Competitive Landscape: 4 direct competitors identified (2 well-funded, 2 early-stage), 6 indirect competitors (general legal tech platforms with contract features), 2 potential entrants (document AI companies considering legal vertical). Primary competitive gap: mid-market firms (50-200 attorneys) are underserved -- enterprise solutions are too expensive and complex, small-firm tools lack the sophistication they need.
Top Opportunity: Mid-market contract analysis platform priced at $12-18K annually, positioned between enterprise solutions ($50K+) and small-firm tools ($3-5K). Estimated addressable segment: $210M. Competitive feasibility: high (no strong incumbent in this segment). Timing: favorable -- regulatory requirements are increasing contract review volume while hiring constraints limit staff expansion.
Recurring market monitoring. Run a lighter version of this research team monthly to track changes in the competitive landscape and market dynamics.
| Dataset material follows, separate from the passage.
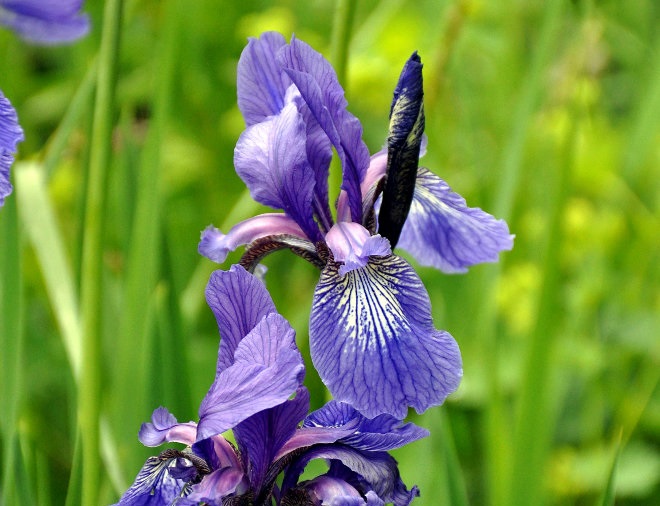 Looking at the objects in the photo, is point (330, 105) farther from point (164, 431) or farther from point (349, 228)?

The Competitive Analyst and Trend Analyst alone can provide a monthly market pulse report.
Hypothesis-driven research. Instead of open-ended exploration, give the team a specific hypothesis to validate: "Mid-market law firms are willing to pay $15K annually for AI contract analysis." The agents then gather evidence for and against, producing a more focused output.
Geographic expansion analysis. Run the same team for different geographic markets to produce a comparative assessment. The Market Sizer and Competitive Analyst findings will differ significantly by region, while trends may be more universal.
Customer voice integration. Add a Customer Research agent that analyzes review data, forum discussions, and case studies to surface what actual buyers say about existing solutions. This qualitative layer often reveals unmet needs that quantitative market data misses.